Sederhananya, jika kita berutang ke bank dengan menjaminkan rumah, kita harus menyerahkan kedaulatan rumah kita kepada kreditur. Apa yang terjadi kalau tidak terbayar? Rumah kita pastinya harus diserahkan. Bagaimana kalau negara tidak mampu membayar utang-utangnya? Krisis 1998, negara-negara kreditur menilai Indonesia tidak mampu membayar utang-utangnya, kedaulatan negara harus diserahkan kepada IMF yang ikut mengatur APBN.Â
Indonesia lepas dari IMF setelah dana talangan IMF dilunasi dengan mengatur skala prioritas pembangunan yang membuat pembangunan agak tersendat.
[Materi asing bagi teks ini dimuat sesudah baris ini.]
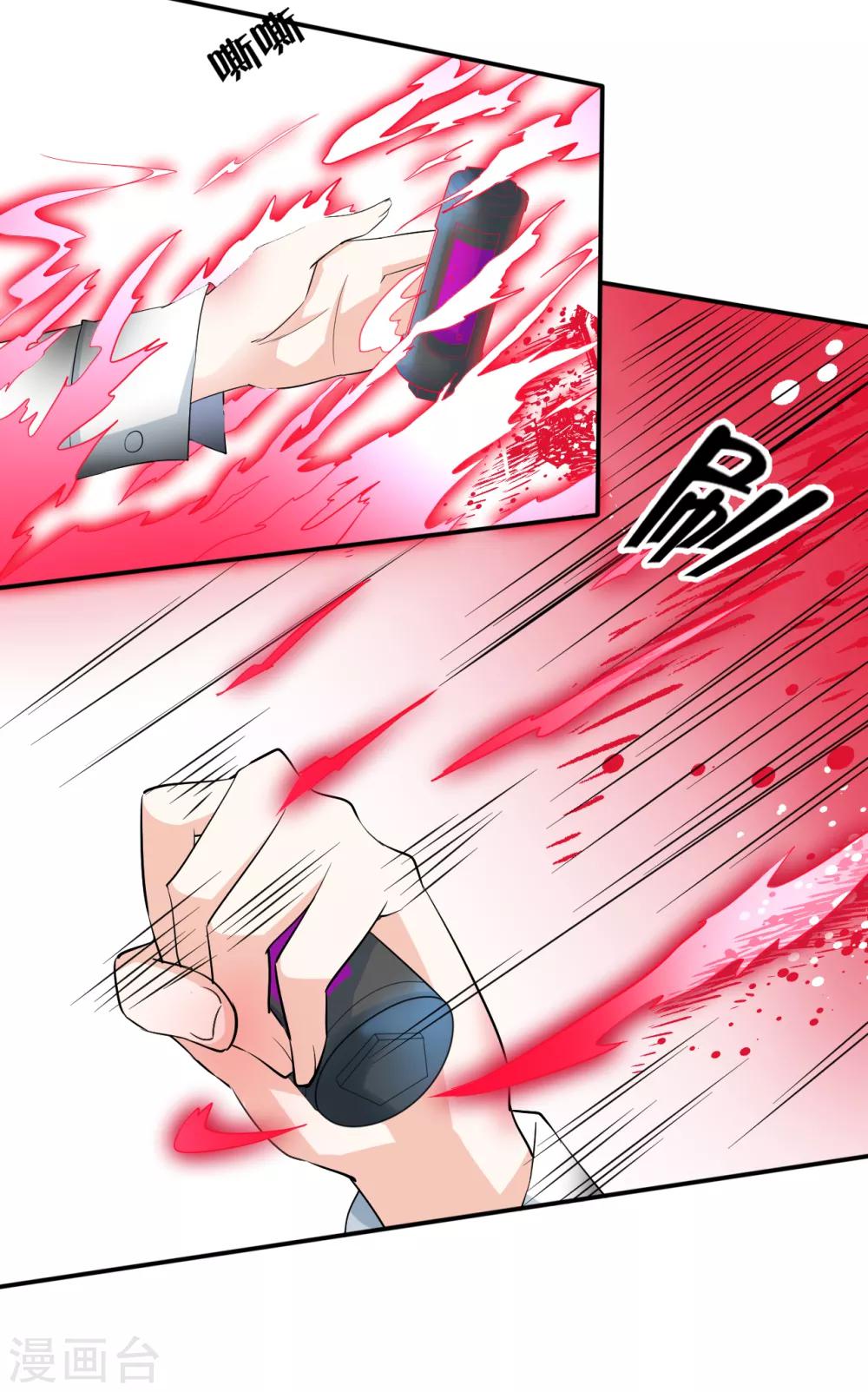 第21话 被调戏-第21话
Namun, ketika lepas dari IMF, megakorupsi pun terjadi yang melibatkan wakil rakyat dan fungsionaris partai. Ganti presiden tak serta merta korupsi itu hilang, wakil rakyat masih menjadi calo proyek. Sementara rakyat harus bersaing dengan serbuan tenaga asing pemilik modal.
Ibarat sebuah lingkaran setan, mata rantai korupsi tidak dapat dihapus karena anggaran negara memang dibuat agar bisa dikorupsi yang menjadi daya tarik kekuasaan untuk diperebutkan dengan segala cara. Ongkos politik itu mahal. Sekian puluh miliar katanya berhasil dikumpulkan untuk biaya kampanye menduduki kursi nomor 1 DKI terang-terangan menjadi berita yang membanggakan pendukungnya.
Di tengah suasana seperti itu, rakyat seperti terbelah dukung sana dukung sini. Adakah yang menyadari bahwa sesungguhnya rakyat sudah menjadi alat politik, sementara utang negara makin melangit. Siapa lagi kalau bukan rakyat yang menanggung dengan menaikkan segala pungutan?